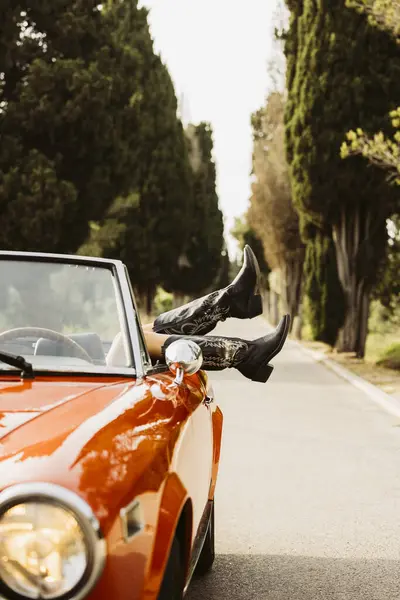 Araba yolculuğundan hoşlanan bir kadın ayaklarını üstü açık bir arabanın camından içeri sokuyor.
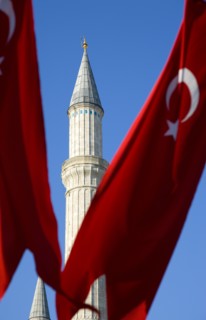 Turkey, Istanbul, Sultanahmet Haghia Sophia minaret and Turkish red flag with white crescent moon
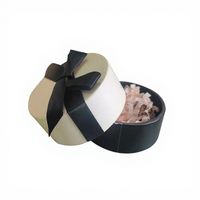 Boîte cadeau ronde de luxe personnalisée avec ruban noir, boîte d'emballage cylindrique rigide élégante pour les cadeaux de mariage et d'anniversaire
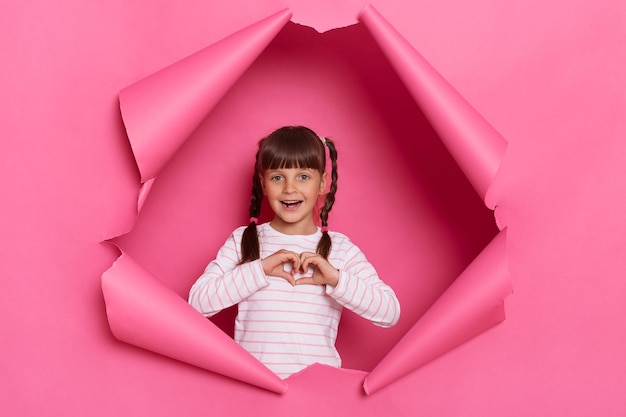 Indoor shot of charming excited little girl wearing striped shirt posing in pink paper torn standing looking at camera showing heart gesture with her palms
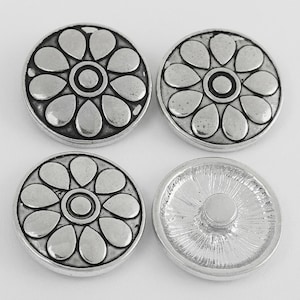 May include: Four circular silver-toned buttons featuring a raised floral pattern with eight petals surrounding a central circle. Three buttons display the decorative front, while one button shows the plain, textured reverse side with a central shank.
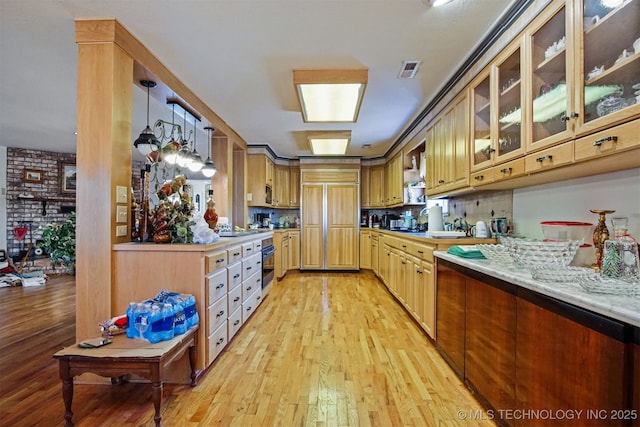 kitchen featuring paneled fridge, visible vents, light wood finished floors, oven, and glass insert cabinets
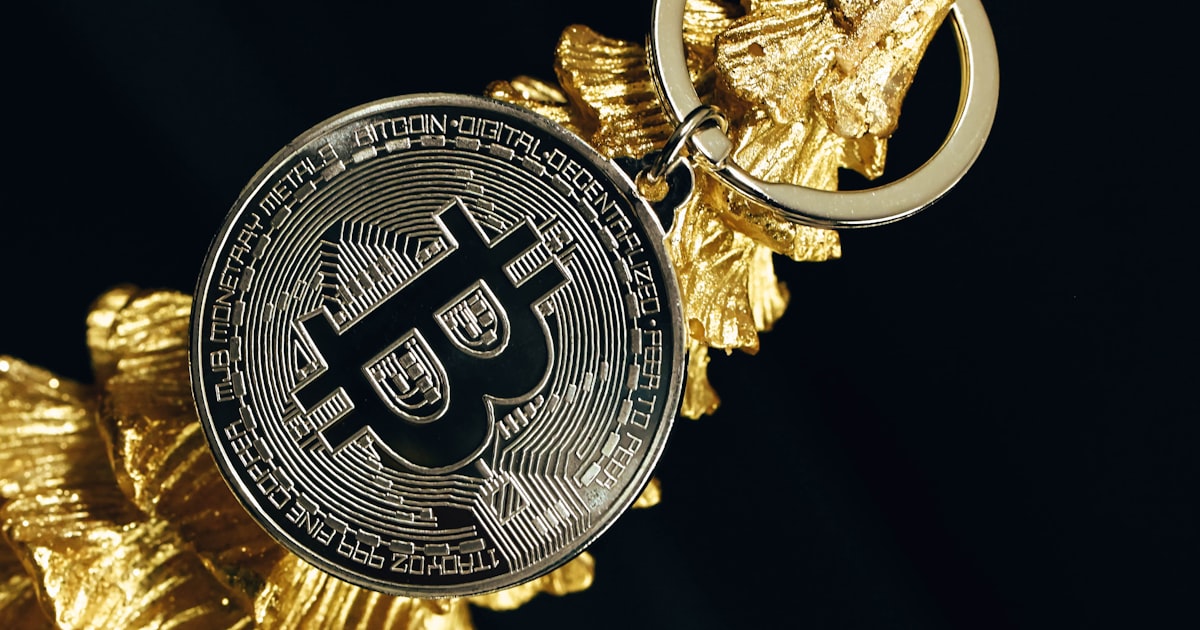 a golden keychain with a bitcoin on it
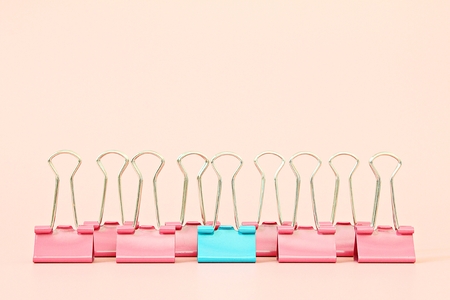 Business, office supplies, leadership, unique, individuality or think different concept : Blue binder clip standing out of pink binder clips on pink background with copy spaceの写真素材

YOUR GOAL
Only the lines from the one containing "kitchen featuring paneled" through the last line of the data may appear in the answer, each given again exactly and with pictures left out.

RESPONSE FOR THIS EXERCISE
 kitchen featuring paneled fridge, visible vents, light wood finished floors, oven, and glass insert cabinets
 a golden keychain with a bitcoin on it
 Business, office supplies, leadership, unique, individuality or think different concept : Blue binder clip standing out of pink binder clips on pink background with copy spaceの写真素材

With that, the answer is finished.